At the Event Head Judge’s signal, “Go,” a competitor enters the designated work area. The competitor shall perform a visual tree assessment, install any necessary climbing equipment, and then enter the tree. The competitor proceeds to three work stations in the tree. Each competitor may choose the route and order in which to approach the work stations. At each work station, a competitor should demonstrate the ability to work freely with both hands.

At each of the stations, the competitor shall ring a bell with a handsaw before continuing to the next station. One of the stations is equipped with a graduated plumb bob suspended from the limb. If a competitor generates excessive movement of the limb, causing the plumb bob to move and touch a marker, 42 fewer points are earned for completing the activity. Another station is equipped with limbs in a bucket and a target on the ground. A competitor is tested on his/her ability to toss limbs to a designated area. A competitor can make three attempts to land a limb into a target. A maximum time to complete the event is specified in advance. The climb is timed to assess overall productivity, but the Masters’ Challenge is not a speed event.


The maximum possible score is 300 points. There will be either three or five Masters’ Challenge judges. When five judges are available, the high and low scores are thrown out, and the remaining three scores are averaged to provide the official score.
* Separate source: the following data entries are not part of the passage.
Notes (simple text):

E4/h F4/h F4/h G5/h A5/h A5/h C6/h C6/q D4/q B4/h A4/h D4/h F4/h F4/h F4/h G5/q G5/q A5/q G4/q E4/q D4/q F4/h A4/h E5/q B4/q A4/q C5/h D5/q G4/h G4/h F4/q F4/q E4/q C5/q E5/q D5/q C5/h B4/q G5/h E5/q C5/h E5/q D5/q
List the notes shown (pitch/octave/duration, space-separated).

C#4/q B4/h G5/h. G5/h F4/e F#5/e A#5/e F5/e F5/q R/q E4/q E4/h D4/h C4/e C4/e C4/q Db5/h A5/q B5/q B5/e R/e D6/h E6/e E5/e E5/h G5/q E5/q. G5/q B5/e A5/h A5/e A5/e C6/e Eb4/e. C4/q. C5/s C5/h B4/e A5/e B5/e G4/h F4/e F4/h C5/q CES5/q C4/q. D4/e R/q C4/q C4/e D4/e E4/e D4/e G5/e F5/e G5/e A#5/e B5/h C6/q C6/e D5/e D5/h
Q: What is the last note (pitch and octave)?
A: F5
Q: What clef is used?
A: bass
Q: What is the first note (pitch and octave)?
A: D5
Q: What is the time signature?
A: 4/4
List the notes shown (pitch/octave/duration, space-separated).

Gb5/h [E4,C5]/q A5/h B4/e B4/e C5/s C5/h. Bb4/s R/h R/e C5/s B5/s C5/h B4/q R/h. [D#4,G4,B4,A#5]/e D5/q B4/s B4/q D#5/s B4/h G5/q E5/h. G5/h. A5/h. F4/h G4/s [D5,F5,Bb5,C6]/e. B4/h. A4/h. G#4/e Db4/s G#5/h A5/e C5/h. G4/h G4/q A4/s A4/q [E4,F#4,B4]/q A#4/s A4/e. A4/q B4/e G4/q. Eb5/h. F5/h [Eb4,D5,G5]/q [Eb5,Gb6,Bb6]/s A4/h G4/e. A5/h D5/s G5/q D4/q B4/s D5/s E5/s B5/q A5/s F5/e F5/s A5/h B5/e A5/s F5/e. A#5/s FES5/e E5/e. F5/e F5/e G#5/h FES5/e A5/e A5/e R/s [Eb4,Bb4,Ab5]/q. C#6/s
The judges score a competitor’s movements from the time the official time begins until the competitor finishes all the work stations, returns to the ground, and successfully removes all equipment installed during the event; runs out of time; or is disqualified. 

A competitor receives points only for tasks that were completed within the time limit. If the competitor times out, s/he should receive points in any of the scoring sections even if all of the tasks pertinent to that section have not been completed. The overall winner of the competition will be the competitor with the highest point total in the Masters’ Challenge.